The package tangram.pipe
can be used to iteratively
build a table which allows each row to be uniquely customized. All the
possible changes can be seen in the package’s main vignette,
“Customizeable Table Building with Tangram Pipe”. One main package
feature which is not discussed there is that a user may write their own
summary function for the table rows. By default, the package will use
default summary functions to calculate a 5-number summary, plus the mean
and standard deviation, for numeric data; column-wise proportions are
generated for categorical and binary rows. Currently, there are a total
of five prewritten numeric summary functions, as well as four prewritten
functions for both categorical and binary data. However, it is often the
case that a user wants to have increased flexibility and format
tangram.pipe
output tables in a different way than provided
by the currently-available options. This document is intended to walk a
user through how to write a custom-made summary function, as well as
some suggested inputs and outputs to include for user-defined summary
functions using tangram.pipe
.
To see how the default functions for summarizing data work, let’s
take a look at the function usage for summarizing numerical data,
num_default
.
All prewritten summary functions for numerical and categorical data
take on a generic form such as num_default(dt, ...)
, where
only the argument dt
is required. However, in order for
these summary functions to work correctly, a total of four arguments are
passed to each of the functions.
dt
: The dataset to use for the function must be
passed into the summary tool. However, the full dataset cannot be
implemented into the summary function. Based on how the summary is used
in the row functions, the first column of dt
must contain
the row information for the table; the second column should include the
table’s column information, if applicable. Be sure that dt
is a dataframe object.
rowlabel
: This is the label you want to use for the
row in the table. It should match the rowlabel you specify in the
row-defining function.
missing
: A binary TRUE/FALSE variable which tells
the function whether or not to account for missing data. It should match
the designation for missing data from the row function.
digits
: The number of significant digits to use in
the summary.
Each of the prewritten functions use the ellipsis (...
)
in place of the final three arguments to provide flexibility in writing
custom functions. To write your own function, the bare minimum
requirement is that you provide an argument for the dataframe object to
use in the summary. The remaining arguments rowlabel
,
missing
, and digits
are highly recommended to
use within your custom function because it is within the summary that
these values, which are specified in the row-initialization, are
implemented. If you do not include them in your summary function, your
specifications for these arguments in the row initialization will not be
present in your table for the row of interest. Therefore, it is highly
recommended, but not required, for you to include these inputs in your
summaries; excluding them will not break the package.

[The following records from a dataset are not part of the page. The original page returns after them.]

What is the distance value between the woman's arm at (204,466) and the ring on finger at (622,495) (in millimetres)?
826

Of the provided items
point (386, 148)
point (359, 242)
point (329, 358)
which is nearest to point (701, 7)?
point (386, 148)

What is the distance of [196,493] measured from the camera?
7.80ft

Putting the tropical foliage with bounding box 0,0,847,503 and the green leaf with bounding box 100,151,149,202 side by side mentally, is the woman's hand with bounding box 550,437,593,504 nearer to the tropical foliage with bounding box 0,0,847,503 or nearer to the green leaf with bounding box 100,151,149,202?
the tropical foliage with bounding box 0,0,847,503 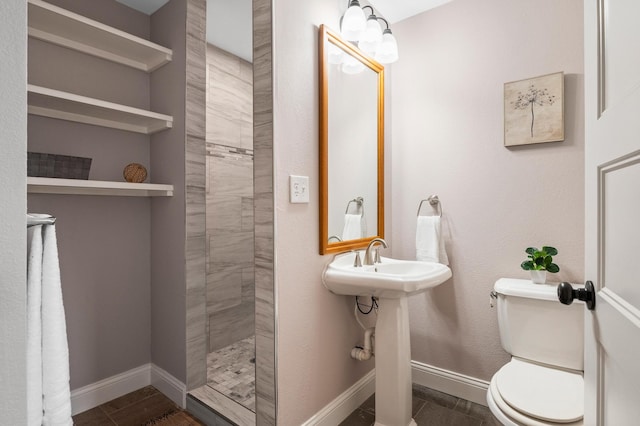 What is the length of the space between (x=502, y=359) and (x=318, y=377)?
1069 millimetres

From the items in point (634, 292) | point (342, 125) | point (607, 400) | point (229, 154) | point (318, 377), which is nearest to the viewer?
point (634, 292)

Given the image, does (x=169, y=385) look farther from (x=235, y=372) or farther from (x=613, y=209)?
(x=613, y=209)

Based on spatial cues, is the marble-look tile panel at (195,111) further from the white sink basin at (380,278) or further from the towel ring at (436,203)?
the towel ring at (436,203)

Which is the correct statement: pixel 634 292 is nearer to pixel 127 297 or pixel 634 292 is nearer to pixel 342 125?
pixel 342 125

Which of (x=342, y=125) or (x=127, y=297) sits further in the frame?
(x=127, y=297)

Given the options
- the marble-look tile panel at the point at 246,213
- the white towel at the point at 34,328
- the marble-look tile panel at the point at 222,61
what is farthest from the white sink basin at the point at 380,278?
the marble-look tile panel at the point at 222,61

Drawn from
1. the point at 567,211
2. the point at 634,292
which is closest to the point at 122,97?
the point at 634,292

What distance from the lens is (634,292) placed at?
567mm

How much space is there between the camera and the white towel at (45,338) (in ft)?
2.32

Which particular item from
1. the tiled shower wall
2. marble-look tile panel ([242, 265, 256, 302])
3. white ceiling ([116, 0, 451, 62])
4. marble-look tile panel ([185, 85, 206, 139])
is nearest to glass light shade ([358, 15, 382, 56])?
white ceiling ([116, 0, 451, 62])

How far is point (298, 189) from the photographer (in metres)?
1.56

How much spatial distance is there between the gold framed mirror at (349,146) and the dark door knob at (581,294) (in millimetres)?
1044

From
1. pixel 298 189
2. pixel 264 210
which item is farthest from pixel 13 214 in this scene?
pixel 298 189

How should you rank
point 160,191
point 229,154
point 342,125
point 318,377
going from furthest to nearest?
point 229,154
point 160,191
point 342,125
point 318,377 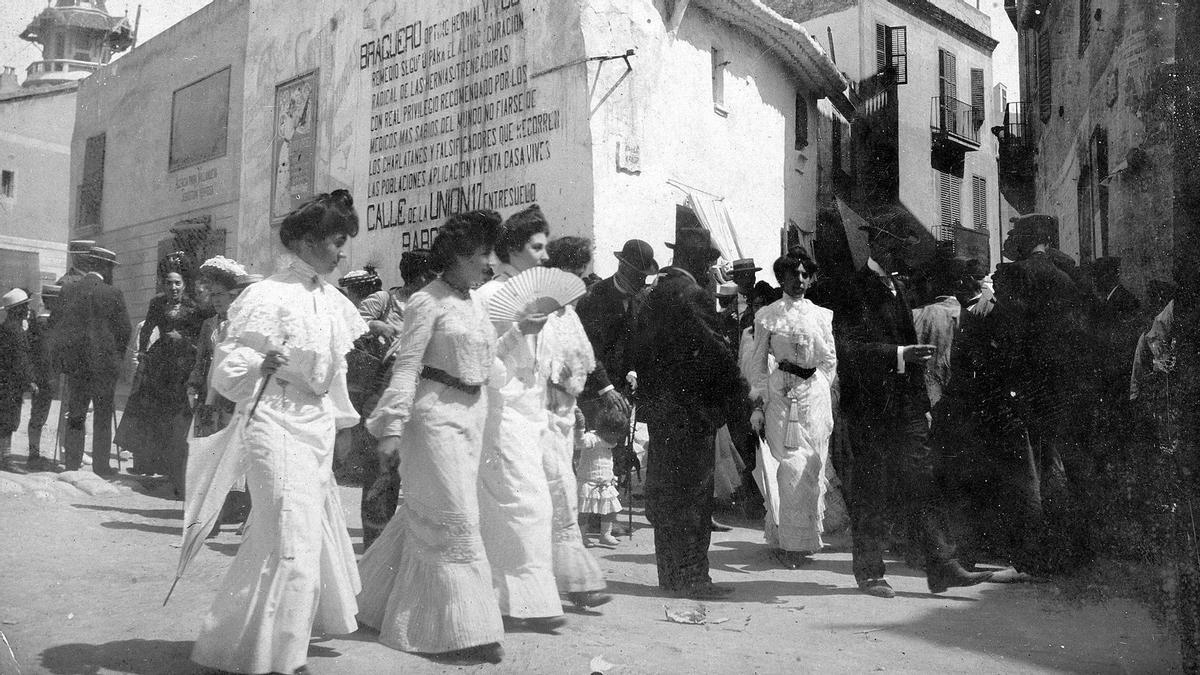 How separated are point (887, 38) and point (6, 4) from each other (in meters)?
15.2

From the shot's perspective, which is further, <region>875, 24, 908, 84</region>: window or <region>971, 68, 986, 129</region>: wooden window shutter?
<region>875, 24, 908, 84</region>: window

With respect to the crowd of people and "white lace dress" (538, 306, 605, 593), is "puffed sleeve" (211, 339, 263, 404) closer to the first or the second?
the crowd of people

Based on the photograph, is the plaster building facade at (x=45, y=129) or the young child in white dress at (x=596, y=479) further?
the young child in white dress at (x=596, y=479)

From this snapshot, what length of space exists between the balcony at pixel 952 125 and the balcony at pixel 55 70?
44.7ft

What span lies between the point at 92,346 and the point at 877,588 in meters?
5.56

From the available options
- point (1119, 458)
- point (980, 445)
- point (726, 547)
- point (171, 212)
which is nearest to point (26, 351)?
point (171, 212)

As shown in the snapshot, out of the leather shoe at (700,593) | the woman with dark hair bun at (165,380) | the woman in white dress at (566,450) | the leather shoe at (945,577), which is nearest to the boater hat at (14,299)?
the woman with dark hair bun at (165,380)

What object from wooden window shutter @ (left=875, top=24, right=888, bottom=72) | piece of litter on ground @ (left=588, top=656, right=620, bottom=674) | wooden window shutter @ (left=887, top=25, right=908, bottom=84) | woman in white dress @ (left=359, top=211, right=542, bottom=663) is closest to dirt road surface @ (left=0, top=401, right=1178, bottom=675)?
piece of litter on ground @ (left=588, top=656, right=620, bottom=674)

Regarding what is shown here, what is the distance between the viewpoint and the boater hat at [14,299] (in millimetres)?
6734

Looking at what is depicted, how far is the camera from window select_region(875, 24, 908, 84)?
16781 mm

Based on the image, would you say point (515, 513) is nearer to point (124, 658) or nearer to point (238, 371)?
point (238, 371)

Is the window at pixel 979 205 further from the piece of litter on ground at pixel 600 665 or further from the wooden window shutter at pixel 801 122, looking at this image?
the piece of litter on ground at pixel 600 665

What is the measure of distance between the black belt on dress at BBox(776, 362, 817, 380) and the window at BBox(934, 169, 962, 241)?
9.18m

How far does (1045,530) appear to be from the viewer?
17.4 feet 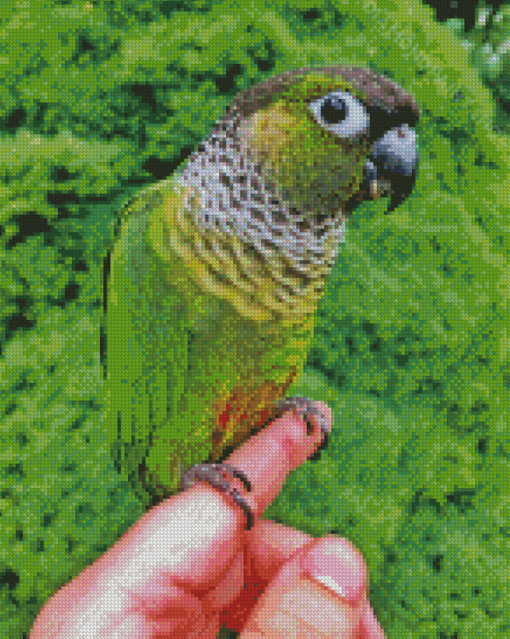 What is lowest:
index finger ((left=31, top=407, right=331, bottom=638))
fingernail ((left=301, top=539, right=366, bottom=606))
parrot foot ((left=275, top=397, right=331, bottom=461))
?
index finger ((left=31, top=407, right=331, bottom=638))

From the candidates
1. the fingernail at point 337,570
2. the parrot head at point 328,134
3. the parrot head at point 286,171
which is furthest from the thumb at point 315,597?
the parrot head at point 328,134

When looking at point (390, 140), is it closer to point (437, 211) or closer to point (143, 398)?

When you write a custom function, be sure to include all arguments
outside dt
within the ellipsis (...
). This is
because tangram.pipe
’s for functions will input values for
rowlabel
, missing
, and digits
as
done in the prewritten functions. To provide additional flexibility,
using (...
) as the second argument following
dt
will allow for differing arguments to be used while
preventing the custom function from inadvertently breaking the package
row functions. You can call your inputs within the function body by
inputting (...
) into a list and calling the elements of
(...
).
Note that none of the summary function’s arguments should have
default values. Since summary functions are called within the row
functions from tangram.pipe
, the function will end up
taking the values already entered into the row function, so be sure not
to use default values here. Below is an example usage of a generic
summary function, summary_generic
using the
iris
dataset. Here, we want Sepal.Length
to be
the row variable and Species
to be the columns of the main
table. Suppose we want to call the row variable “Sepal Length (cm)”,
account for missing data, and use 2 significant digits. First, we show
the format the data (dt
) must be in to pass it to the
function
iris %>%
select(Sepal.Length, Species) %>%
head() %>%
kable(escape = F, align = 'c') %>%
trimws() %>%
kable_styling(c("striped", "bordered"))
Sepal.Length | Species |
---|---|
5.1 | setosa |
4.9 | setosa |
4.7 | setosa |
4.6 | setosa |
5.0 | setosa |
5.4 | setosa |
Note that the row variable is on the left and the column variable is
to the right. If you wanted to avoid splitting by Species
,
you would only pass the Sepal.Length
information into the
summary function.
Now, we show the code input needed for our generic summary function.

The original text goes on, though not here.